JAKARTA (Arrahmah.id) – Ekonom Senior Institute for Development of Economics and Finance (Indef), Prof Didin S Damanhuri menyebut, pertumbuhan ekonomi dua periode pemerintahan Jokowi, terendah ketimbang era SBY bahkan Soeharto.
“Saya bisa simpulkan, era Pak Jokowi ini adalah era pertumbuhan ekonomi yang paling rendah, dibanding Pak SBY (5,7 persen). Apalagi dibanding zaman Soeharto (7 persen),” tutur Prof Didin dalam seminar nasional bertajuk ‘Evaluasi Satu Dekade Pemerintahan Jokowi’ di Hotel Millenium, Jakarta Pusat, Kamis (3/10/2024), dilansir Inilah.com.
Di era Jokowi, ujarnya, rata-rata pertumbuhan ekonomi hanya 5 persen. Memang cukup unggul ketimbang negara lain, termasuk saat pandemi COVID-19 masuk Indonesia pada 2020 hingga 2021. Kala itu, ekonomi Indonesia terkontraksi ke level minus 2 persen. Negara lain lebih parah, bahkan ada yang minus 15 persen.
“Tetapi kita mempunyai tenaga kerja yang begitu banyak, maka pertumbuhan ekonomi yang 5 persen itu menjadi tidak cukup. Nah pertumbuhan ekonomi yang baik tapi tidak baik dari era sebelumnya, ini punya konsekuensi,” ungkap Prof Didin.

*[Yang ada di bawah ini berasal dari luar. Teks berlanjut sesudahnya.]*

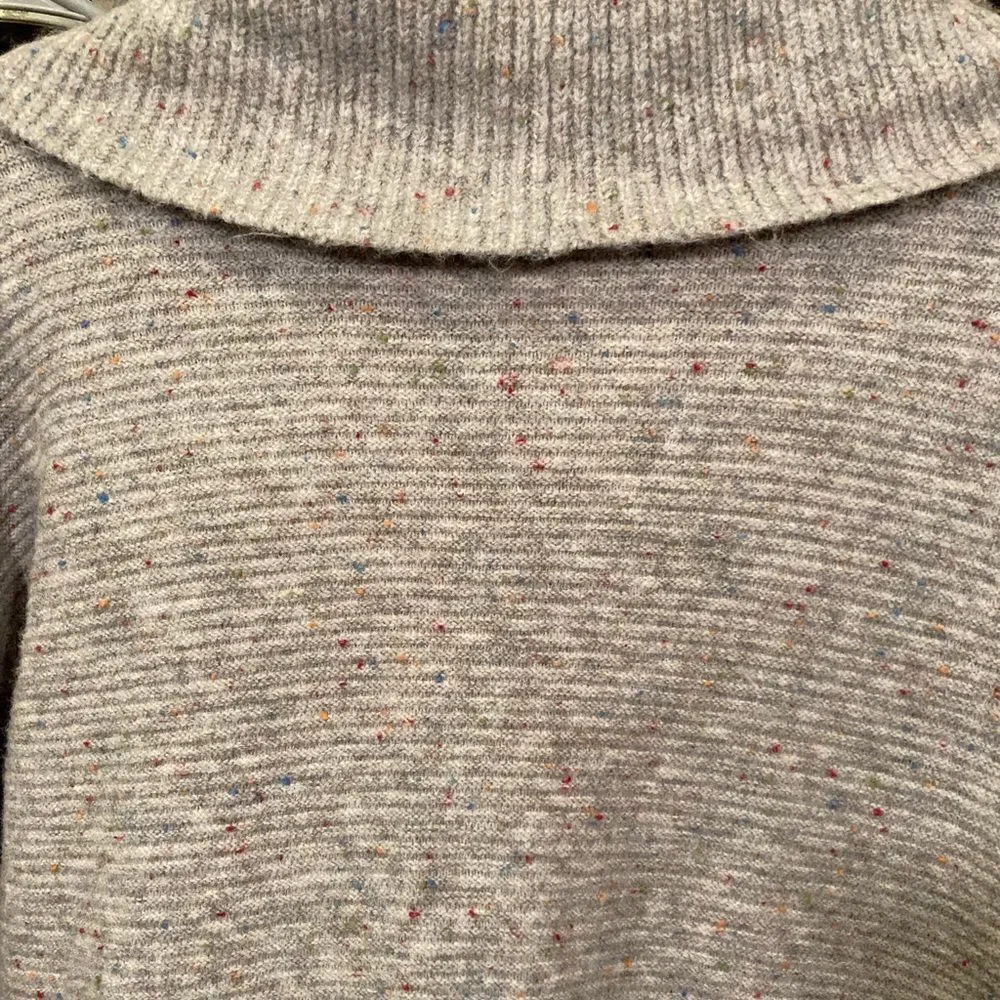 Loft Grey Confetti Sweater  - Picture 5 of 9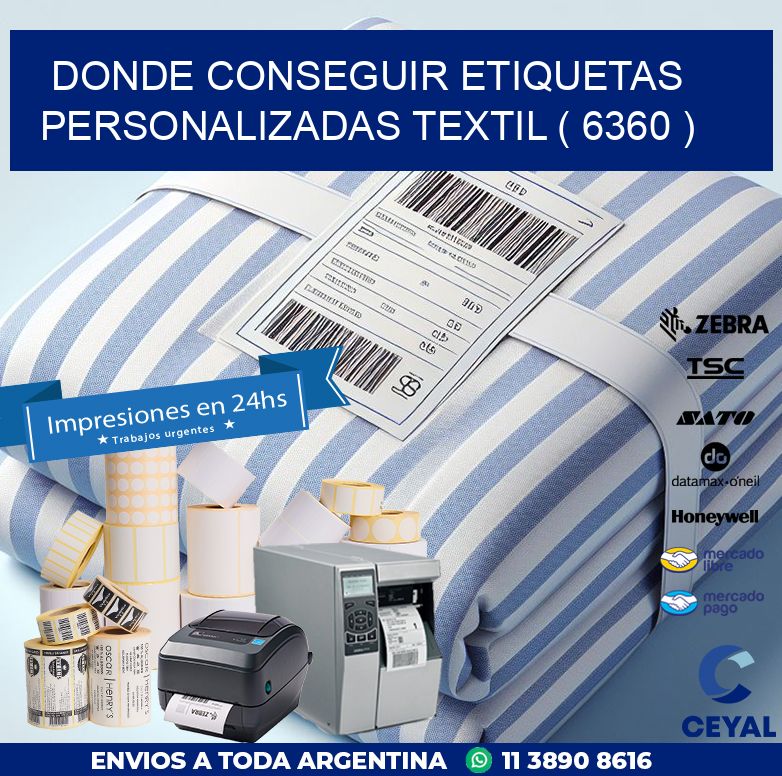 DONDE CONSEGUIR ETIQUETAS PERSONALIZADAS TEXTIL ( 6360 )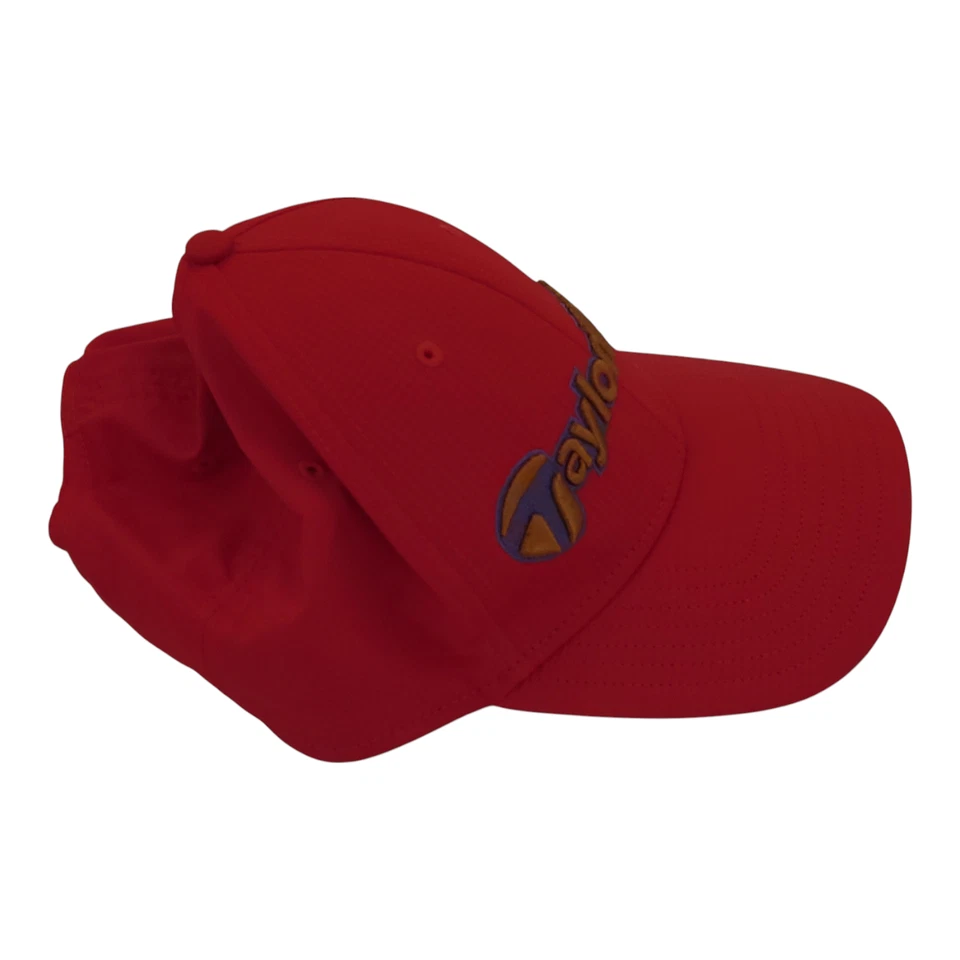 Gorra de béisbol de golf TaylorMade Shoal Creek roja sin estructura ajustable talla única Foto 4 de 4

“Ini menyangkut kualitas pertumbuhan ekonomi dan menyangkut manusia, menyangkut tujuan dari RPJMN maupun tujuan pembangunan yang ditujukan kepada manusianya,” lanjutnya.
Prof Didin menjelaskan, terdapat dua sektor yang harus menjadi perhatian utama jika ingin menumbuhkan perekonomian (Gross Domestic Bruto/GDB) tinggi. Yakni, pertanian dan industri.
“Kalau kita rinci pertumbuhan ekonomi, maka pertanian yang tumbuh bahwa 2020 memang rendah karena COVIS-19, dari 1,7 naik ke 1,8 persen (2021). Dan rata-ratanya (pertumbuhan sektor pertanian 2015-2023) adalah 2,85 persen. Lebih rendah pula dari pertumbuhan di zaman SBY yang rata-rata 4,8 persen,” terang Prof Didin.
Kemudian industri pengolahan pada 2019-2023, kata Prof Didin, hanya tumbuh 4,89 persen. Masih di bawah rata-rata pertumbuhan ekonomi nasional.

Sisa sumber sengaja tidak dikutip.